(Problem to solve): Here is a block of entries. Write out its lines exactly, from the first through the one containing "Σπίτι διακοπών Four-bedroom".

(Record excerpts):

=== Begin Enclosure ===

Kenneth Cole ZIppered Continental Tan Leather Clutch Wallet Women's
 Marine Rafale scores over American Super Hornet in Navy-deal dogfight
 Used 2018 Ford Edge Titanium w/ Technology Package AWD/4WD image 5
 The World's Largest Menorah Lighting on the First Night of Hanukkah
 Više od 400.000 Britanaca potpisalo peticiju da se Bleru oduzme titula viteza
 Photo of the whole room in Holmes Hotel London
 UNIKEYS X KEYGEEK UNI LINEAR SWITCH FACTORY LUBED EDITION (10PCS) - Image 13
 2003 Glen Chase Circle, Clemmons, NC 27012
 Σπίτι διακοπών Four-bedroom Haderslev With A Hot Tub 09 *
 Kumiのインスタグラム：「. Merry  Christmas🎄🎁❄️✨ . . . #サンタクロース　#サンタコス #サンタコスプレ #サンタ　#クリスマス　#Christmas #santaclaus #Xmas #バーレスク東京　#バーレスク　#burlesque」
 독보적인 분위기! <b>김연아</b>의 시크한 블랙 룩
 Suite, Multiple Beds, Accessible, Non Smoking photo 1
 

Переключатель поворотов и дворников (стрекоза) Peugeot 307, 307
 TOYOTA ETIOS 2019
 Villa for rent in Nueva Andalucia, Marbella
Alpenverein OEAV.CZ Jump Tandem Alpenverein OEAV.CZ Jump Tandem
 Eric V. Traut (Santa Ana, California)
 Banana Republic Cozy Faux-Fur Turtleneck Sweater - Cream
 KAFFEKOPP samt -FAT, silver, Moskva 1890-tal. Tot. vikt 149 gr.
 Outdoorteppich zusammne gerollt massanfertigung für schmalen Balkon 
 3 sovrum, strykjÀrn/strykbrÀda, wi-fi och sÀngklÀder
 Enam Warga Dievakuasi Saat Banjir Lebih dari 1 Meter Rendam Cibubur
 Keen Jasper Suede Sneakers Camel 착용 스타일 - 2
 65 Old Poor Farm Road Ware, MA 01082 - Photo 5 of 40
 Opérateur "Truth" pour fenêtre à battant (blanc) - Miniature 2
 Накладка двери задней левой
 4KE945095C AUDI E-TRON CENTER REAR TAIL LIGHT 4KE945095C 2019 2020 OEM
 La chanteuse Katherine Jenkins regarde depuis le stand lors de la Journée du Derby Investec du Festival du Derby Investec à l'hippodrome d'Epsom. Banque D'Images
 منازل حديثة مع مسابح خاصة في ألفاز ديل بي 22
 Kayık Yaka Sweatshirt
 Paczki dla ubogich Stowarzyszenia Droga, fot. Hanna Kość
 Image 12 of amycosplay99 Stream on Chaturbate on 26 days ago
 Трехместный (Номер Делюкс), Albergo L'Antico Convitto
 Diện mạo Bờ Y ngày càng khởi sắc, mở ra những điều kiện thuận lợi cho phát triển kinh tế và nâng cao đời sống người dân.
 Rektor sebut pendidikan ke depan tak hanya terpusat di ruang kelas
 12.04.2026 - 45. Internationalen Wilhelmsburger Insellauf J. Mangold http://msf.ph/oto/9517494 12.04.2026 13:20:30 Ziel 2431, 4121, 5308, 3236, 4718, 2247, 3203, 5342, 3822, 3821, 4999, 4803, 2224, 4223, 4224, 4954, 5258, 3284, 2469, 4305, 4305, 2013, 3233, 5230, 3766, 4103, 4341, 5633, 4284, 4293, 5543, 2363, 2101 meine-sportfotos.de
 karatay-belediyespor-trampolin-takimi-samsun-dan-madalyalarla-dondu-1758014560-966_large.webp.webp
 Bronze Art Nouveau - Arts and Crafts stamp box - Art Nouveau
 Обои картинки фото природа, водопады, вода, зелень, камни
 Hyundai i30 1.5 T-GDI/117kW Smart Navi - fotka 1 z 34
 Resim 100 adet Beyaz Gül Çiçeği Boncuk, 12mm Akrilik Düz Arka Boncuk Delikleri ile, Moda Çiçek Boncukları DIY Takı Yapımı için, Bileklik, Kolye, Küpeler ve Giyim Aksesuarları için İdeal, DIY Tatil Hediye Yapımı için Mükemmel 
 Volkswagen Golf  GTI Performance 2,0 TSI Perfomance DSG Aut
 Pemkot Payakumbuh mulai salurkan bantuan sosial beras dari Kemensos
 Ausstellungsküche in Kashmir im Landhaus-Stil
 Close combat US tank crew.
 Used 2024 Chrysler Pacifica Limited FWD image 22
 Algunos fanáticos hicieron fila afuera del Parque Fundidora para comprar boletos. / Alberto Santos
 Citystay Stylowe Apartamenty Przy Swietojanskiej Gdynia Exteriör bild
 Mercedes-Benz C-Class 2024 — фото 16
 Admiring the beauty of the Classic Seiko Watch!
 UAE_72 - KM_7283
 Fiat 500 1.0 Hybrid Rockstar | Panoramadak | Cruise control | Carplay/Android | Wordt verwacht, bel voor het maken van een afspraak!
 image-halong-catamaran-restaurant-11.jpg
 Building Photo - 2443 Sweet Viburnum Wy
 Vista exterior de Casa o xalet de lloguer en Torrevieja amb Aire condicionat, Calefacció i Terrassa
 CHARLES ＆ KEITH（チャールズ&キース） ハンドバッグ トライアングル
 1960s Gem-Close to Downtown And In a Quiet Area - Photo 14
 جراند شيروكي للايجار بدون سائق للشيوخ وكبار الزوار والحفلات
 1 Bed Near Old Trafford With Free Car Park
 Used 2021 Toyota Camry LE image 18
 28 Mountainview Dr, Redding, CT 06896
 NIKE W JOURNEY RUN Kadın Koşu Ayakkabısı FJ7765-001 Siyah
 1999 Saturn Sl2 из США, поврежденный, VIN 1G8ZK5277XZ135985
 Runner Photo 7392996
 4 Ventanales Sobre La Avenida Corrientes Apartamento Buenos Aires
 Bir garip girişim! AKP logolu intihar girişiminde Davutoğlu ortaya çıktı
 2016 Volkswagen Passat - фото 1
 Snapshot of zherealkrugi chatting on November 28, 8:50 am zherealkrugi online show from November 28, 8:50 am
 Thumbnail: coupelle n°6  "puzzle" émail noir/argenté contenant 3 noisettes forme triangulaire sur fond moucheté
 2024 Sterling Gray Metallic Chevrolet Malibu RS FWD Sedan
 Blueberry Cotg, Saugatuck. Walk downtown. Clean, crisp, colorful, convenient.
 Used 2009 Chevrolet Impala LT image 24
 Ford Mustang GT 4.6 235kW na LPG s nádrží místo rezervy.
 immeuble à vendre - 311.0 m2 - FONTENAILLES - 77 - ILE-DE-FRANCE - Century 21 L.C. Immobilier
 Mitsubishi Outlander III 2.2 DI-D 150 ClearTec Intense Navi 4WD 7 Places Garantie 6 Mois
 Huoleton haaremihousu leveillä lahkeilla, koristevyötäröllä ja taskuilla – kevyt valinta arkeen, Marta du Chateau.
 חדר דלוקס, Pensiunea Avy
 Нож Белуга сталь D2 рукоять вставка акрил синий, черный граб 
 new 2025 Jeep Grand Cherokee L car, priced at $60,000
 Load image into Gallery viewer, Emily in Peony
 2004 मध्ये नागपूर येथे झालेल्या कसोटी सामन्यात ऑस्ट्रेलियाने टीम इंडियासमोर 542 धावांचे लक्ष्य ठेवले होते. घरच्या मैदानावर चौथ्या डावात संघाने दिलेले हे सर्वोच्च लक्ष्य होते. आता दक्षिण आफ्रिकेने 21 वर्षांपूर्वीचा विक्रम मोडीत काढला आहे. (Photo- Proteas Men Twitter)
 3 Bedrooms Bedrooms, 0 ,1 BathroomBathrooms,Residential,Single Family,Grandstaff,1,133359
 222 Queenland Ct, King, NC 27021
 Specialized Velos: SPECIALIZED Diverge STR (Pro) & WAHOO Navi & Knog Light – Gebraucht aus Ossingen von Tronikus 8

=== End Enclosure ===

(Answer area):
Kenneth Cole ZIppered Continental Tan Leather Clutch Wallet Women's
 Marine Rafale scores over American Super Hornet in Navy-deal dogfight
 Used 2018 Ford Edge Titanium w/ Technology Package AWD/4WD image 5
 The World's Largest Menorah Lighting on the First Night of Hanukkah
 Više od 400.000 Britanaca potpisalo peticiju da se Bleru oduzme titula viteza
 Photo of the whole room in Holmes Hotel London
 UNIKEYS X KEYGEEK UNI LINEAR SWITCH FACTORY LUBED EDITION (10PCS) - Image 13
 2003 Glen Chase Circle, Clemmons, NC 27012
 Σπίτι διακοπών Four-bedroom Haderslev With A Hot Tub 09 *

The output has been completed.